Data crawling method and device, computer equipment and storage medium

A technology of data and target data, applied in the field of data processing, can solve the problem of not being able to automatically drill down on pages at the same time

Pending Publication Date: 2021-10-19
PINGAN INT SMART CITY TECH CO LTD
View PDF0 Cites 2 Cited by
  • Summary
  • Abstract
  • Description
  • Claims
  • Application Information

AI Technical Summary

Problems solved by technology

[0005] In order to solve the technical problem that in the data crawling process in the prior art, the page cannot be automatically drilled down and the target data of all the pages to be crawled can be obtained at the same time

Method used

the structure of the environmentally friendly knitted fabric provided by the present invention; figure 2 Flow chart of the yarn wrapping machine for environmentally friendly knitted fabrics and storage devices; image 3 Is the parameter map of the yarn covering machine
View more

Image

Smart Image Click on the blue labels to locate them in the text.
Viewing Examples
Smart Image
  • Data crawling method and device, computer equipment and storage medium
  • Data crawling method and device, computer equipment and storage medium
  • Data crawling method and device, computer equipment and storage medium

Examples

Experimental program
Comparison scheme
Effect test

Embodiment Construction

[0030] In order to make the objects, technical solutions, and advantages of the present application, the technical solutions in the present application embodiment will be described in connext of the present application embodiment, and It is a part of the embodiments of the present application, not all of the embodiments.

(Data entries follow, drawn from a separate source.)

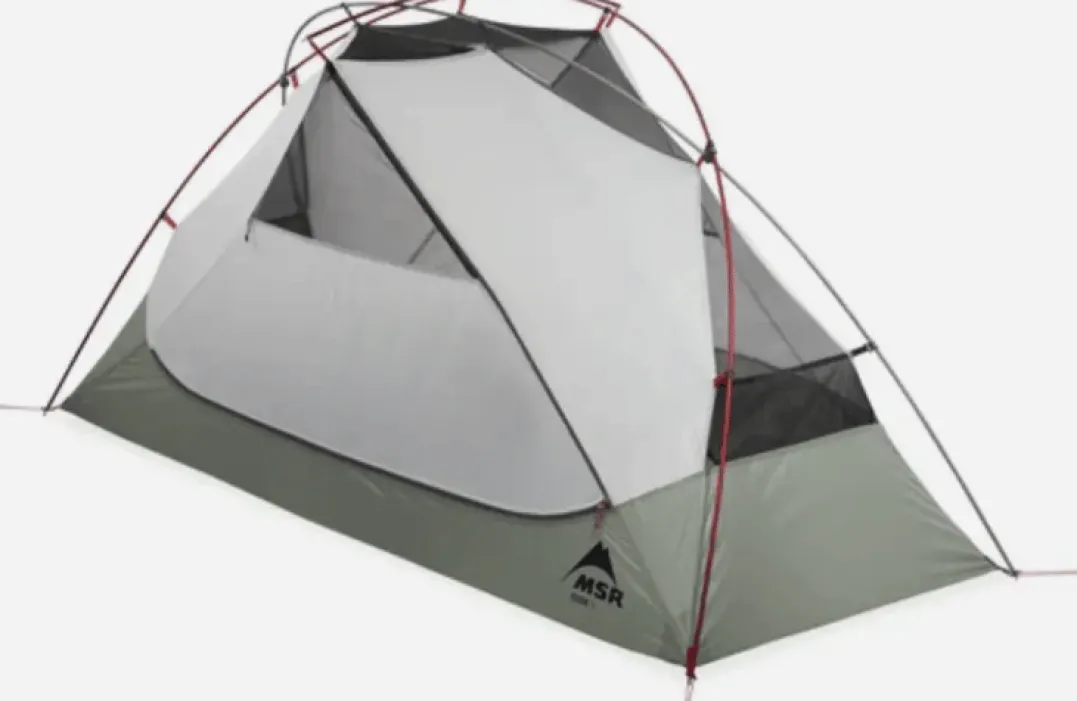 MSR Elixir 1 Tent Footprint Incl Green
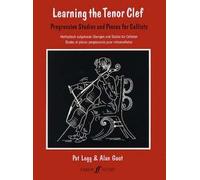 Learning The Tenor Clef - Progressive - Arreglados para violonchelo [de la fragancia/Alemán] Compositor: Legg Pat + Gout Alan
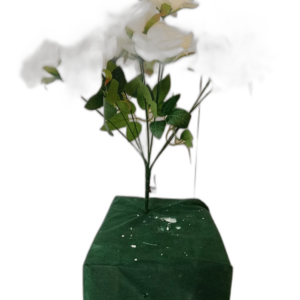 Yapay Beyaz Gül Buketi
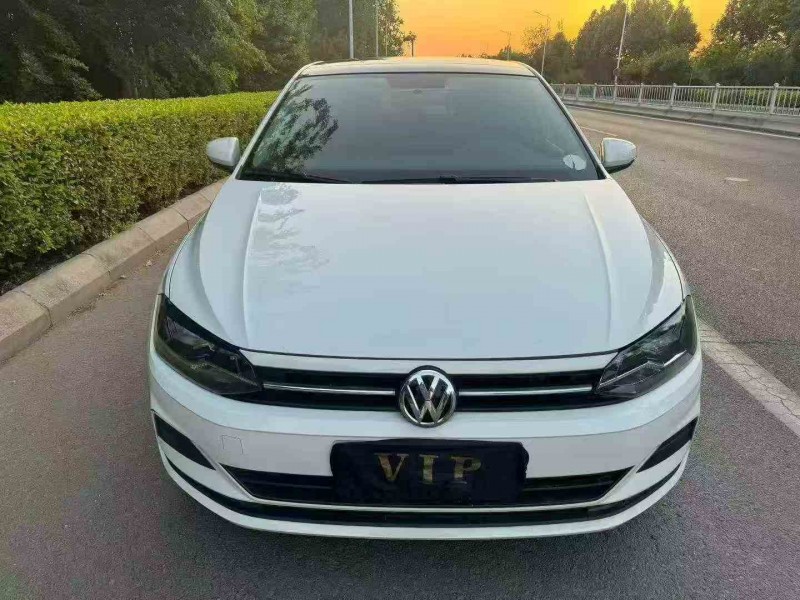 东营19年大众polo1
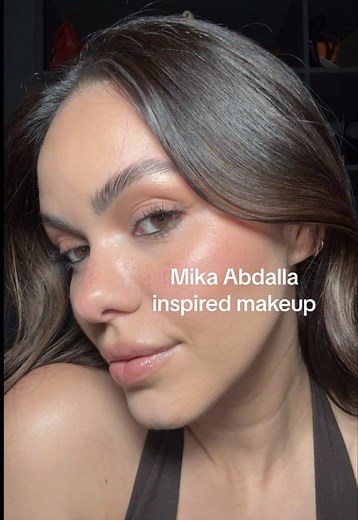 Mika Abdalla Inspired Makeup Tutorial con Bronzer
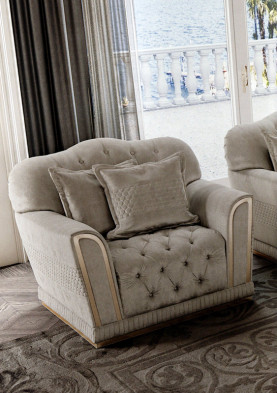 Armchair Keoma Melania poltrona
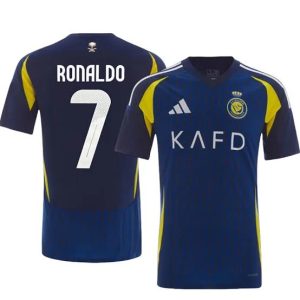 Ronaldo Al Nassr Away Jersey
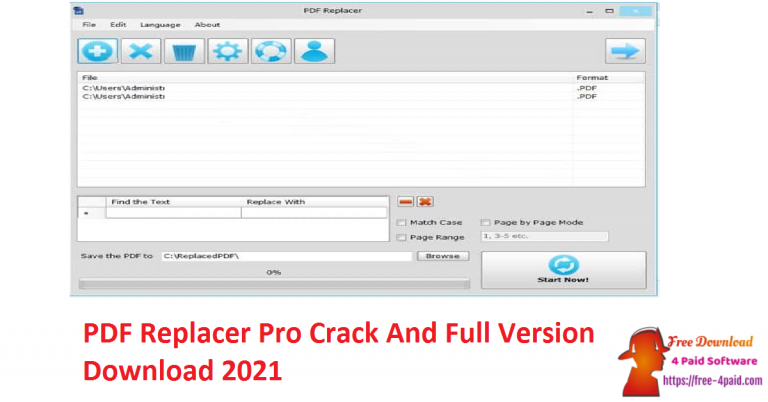 PDF Replacer Pro 1.8.8 for android download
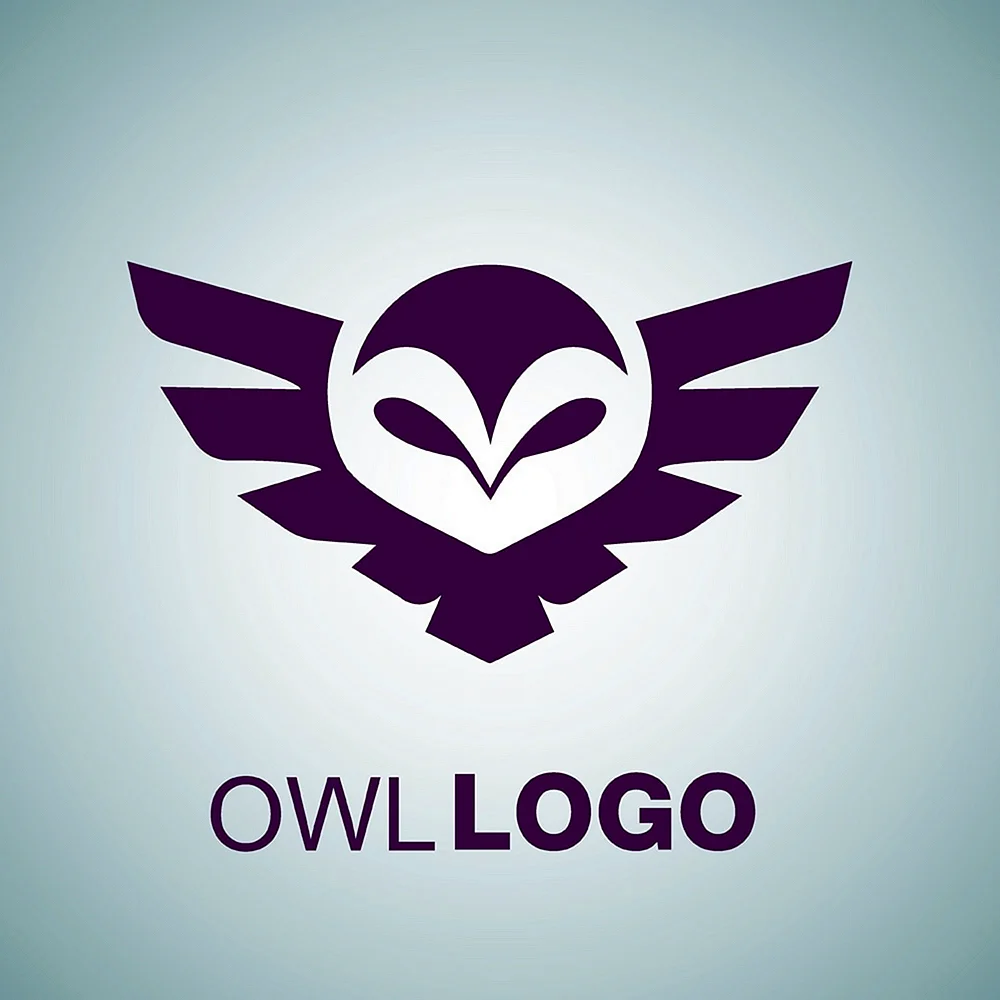 Логотип в виде Совы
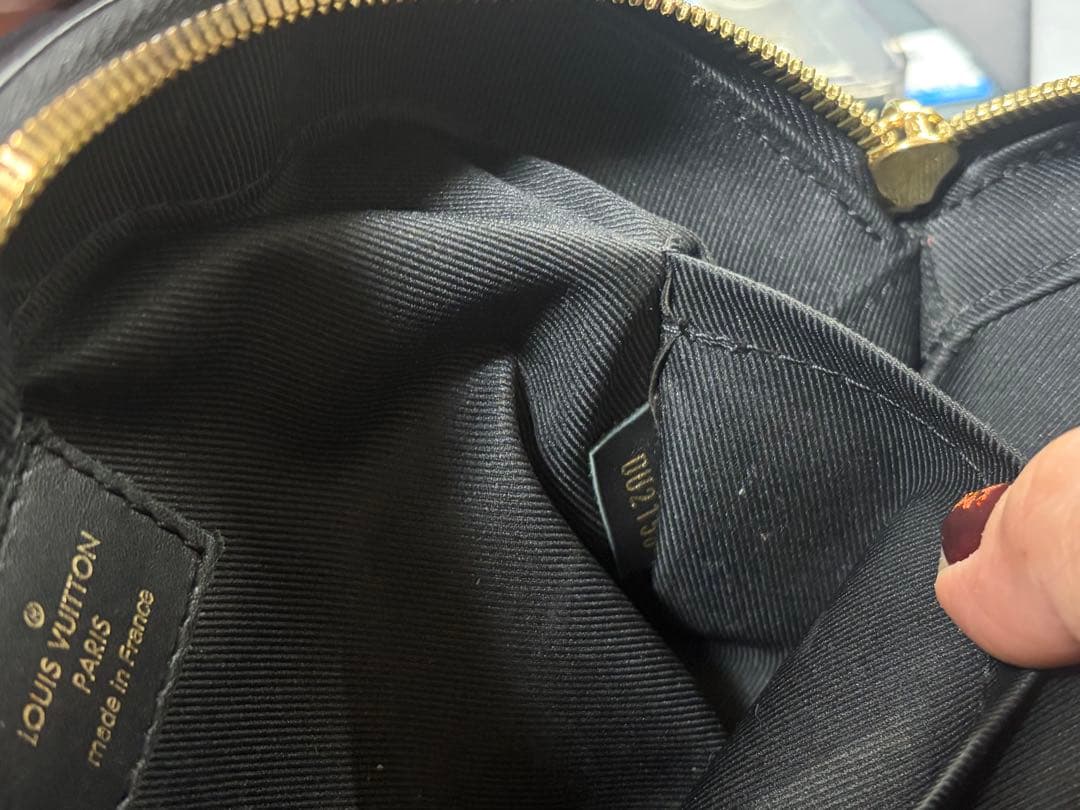 鑑定済み　LOUIS VUITTON ルイ ヴィトン モノグラム サントンジュ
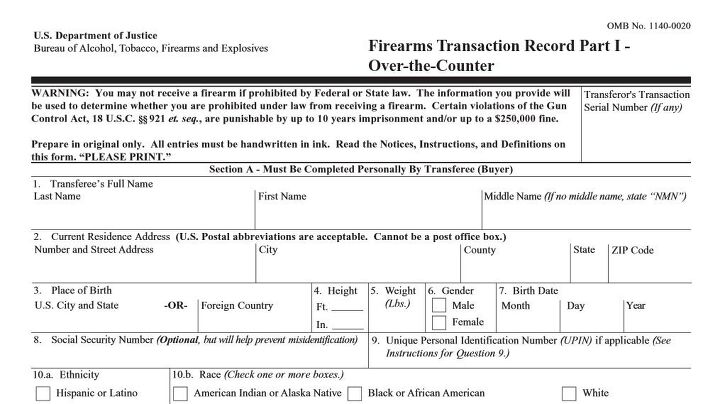 U Pin On 4473 Example.pdf How closely have you read the 4473? | thefirearmblog.com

Based on the embodiments in the present application, all other embodiments obtained by those of ordinary skill in the art without making creative labor are the scope of the present application. It should be understood that the specific embodiments described herein are intended to explain the present application and is not intended to limit the present application.

[0031] figure 1 An application environment for the data climbing method in accordance with an embodiment of the present application. Refer figure 1 This data climb method is applied to the data crawling system. The data climb system includes terminal 110 and server 120. Terminal 110 and server 120 are...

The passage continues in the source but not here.